Sometimes I speak to the mums of a bullied child fearful that we’ll teach their child how to be as violent as their bully. Sometimes I speak to parents who want me to teach their child how to beat up their bully!
Neither way is either the right way or true. The martial arts do focus on what on the face of it is violence and we do teach children how to fight back but how we do it and how it expresses itself is quite different from what you might expect. Here’s what happens…
Consider the biggest thing that separates people; difference. Kids who are bullied are different. It could be race, religion, looks, intelligence or ability, but what marks them from their bully is that they are different. Being different can cause us to lack confidence because we are different, rather than to embrace our difference, we fear it and our confidence suffers for it.
So how do the martial arts help to stop a child being bullied without violence?
First, we focus on ability and communication. We teach children how to be courteous and respectful. Sometimes shyness, which is a lack of confidence, expresses itself in poor communication. They break the first rule of socialisation which is to not speak or make pleasant eye contact. This immediately sets them apart and it’s easy to upset a sensitive person by showing them what at first glance may look like disrespect. And yes, bullies are often very sensitive and easily offended. They have a different kind of communication issue.
We teach children to show everyone a high level of respect even though they may find this uncomfortable at first. Uncomfortable because they must set aside their discomfort and step into the discomfort zone. By doing this the child becomes less of a target, their body language changes and they become less ‘small’ like they’re trying to hide and assume a more comfortable way of moving because they are more comfortable socially. The way that children move often marks them as different. Confident kids have confident posture, smile more and fear less.
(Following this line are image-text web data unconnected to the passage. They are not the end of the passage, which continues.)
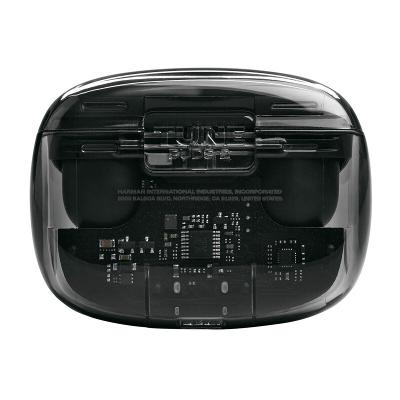 Fone de Ouvido Bluetooth JBL Tune Buds 2 Transparente Preto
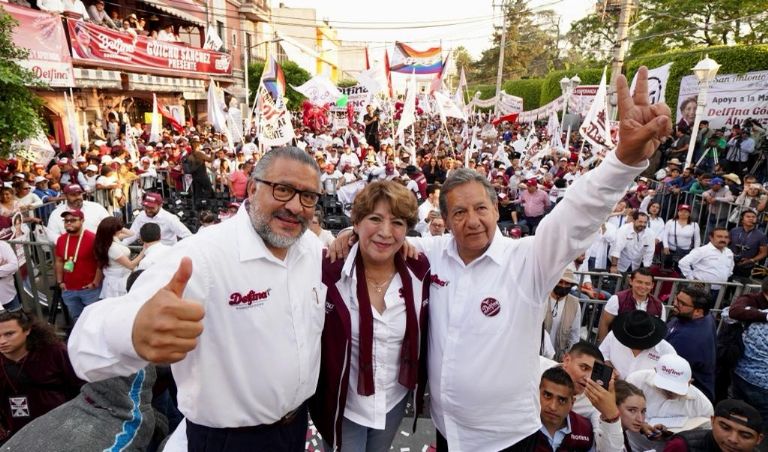 Delfina Gómez Elecciones 2023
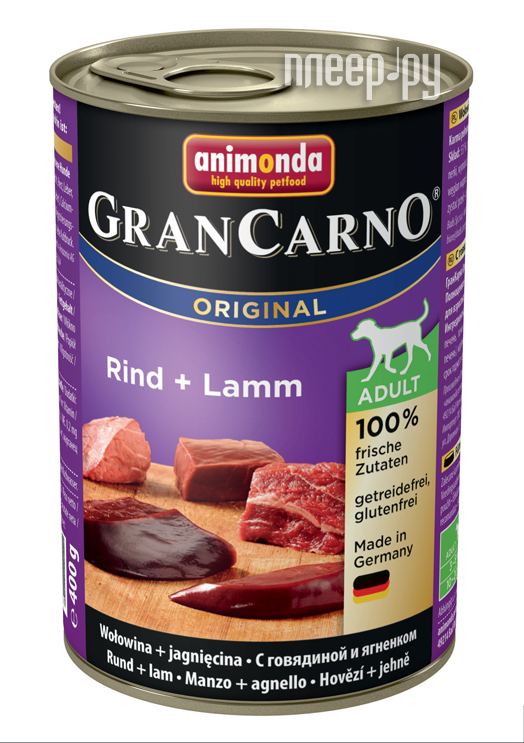  Animonda Gran Carno Original Adult  /  400g   001 / 82733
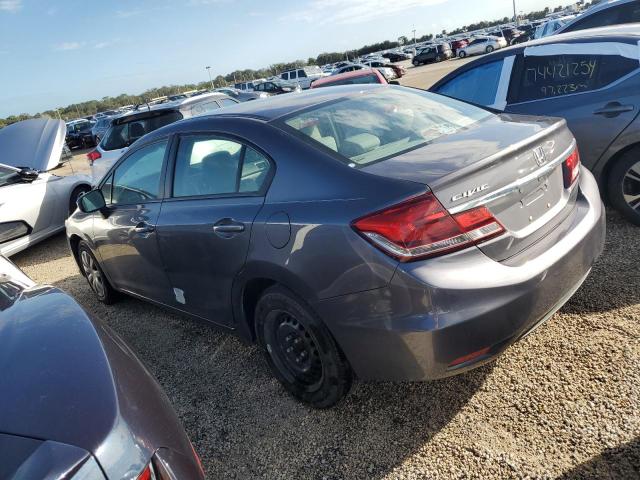 Photo 2 from auction – 2014 HONDA CIVIC LX with VIN 19XFB2F58EE072727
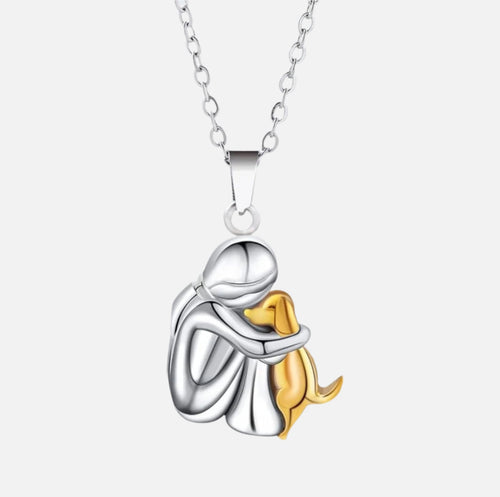 Adela — Hug Pendant Necklace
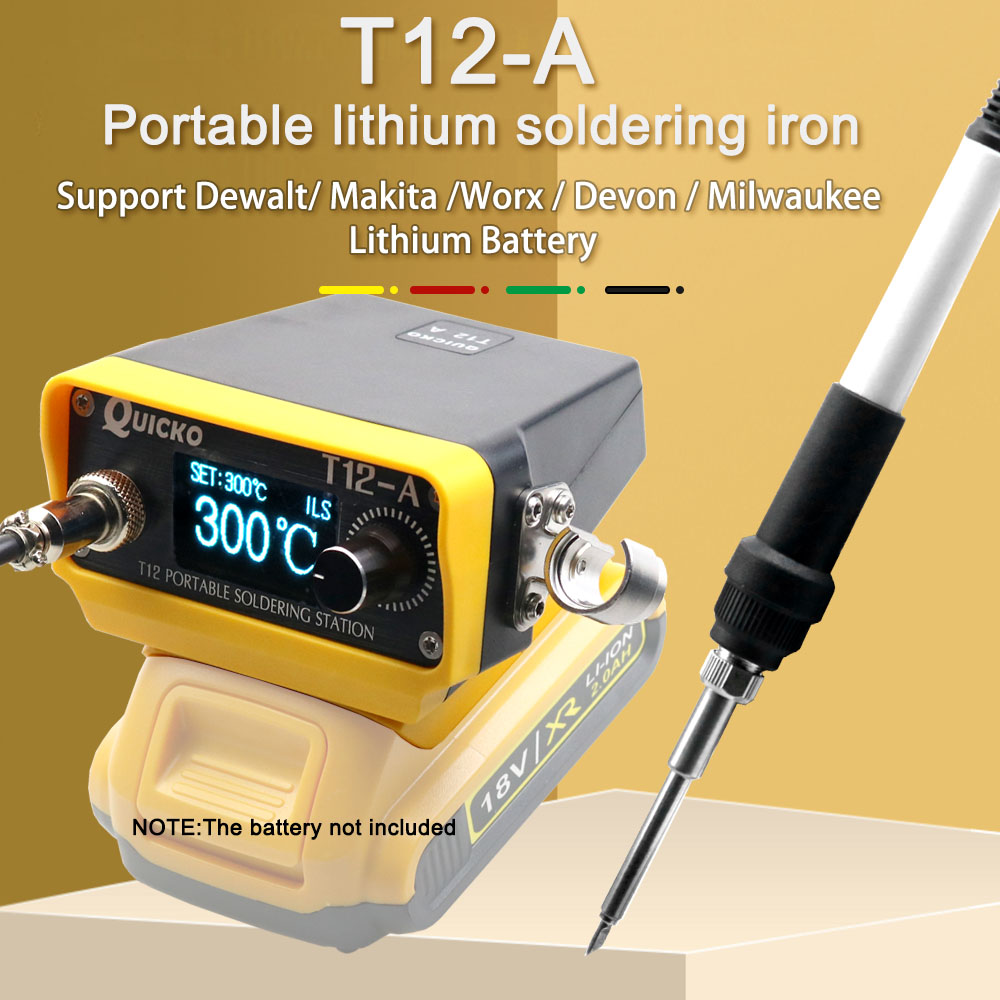 STM32 V3 T12-A alat Solder nir - Milwaukee Drill M12 Fuel ulasan dan harga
Next, we teach them how to move
Some kids have great natural, physical intelligence and they are usually strong, fast and coordinated. Because they are physical, they tend to be more physical and that gets them stronger and better coordinated. They can run, jump, throw, roll, climb and lift. All these things are basic skills and abilities that we all need, and which develop in us when we are very young. When we are babies the first thing we learn to do is roll from our back to our side to our front. When we eventually learn to roll, we then start to push up with our arms, then crawl, then stand and eventually walk and run.
These are not only physical skills, they also affect our mental development too. They must be learned in the right order too or the child’s development can be retarded. A child that doesn’t learn these skills at a young age and at a good level can find sports and physical activities more challenging. Also, because they don’t get as fit and strong as their physically gifted counterparts, they fail to develop good posture because their muscles are weak. Poor posture and stance will set the child apart, making her more different and this exacerbates the problem.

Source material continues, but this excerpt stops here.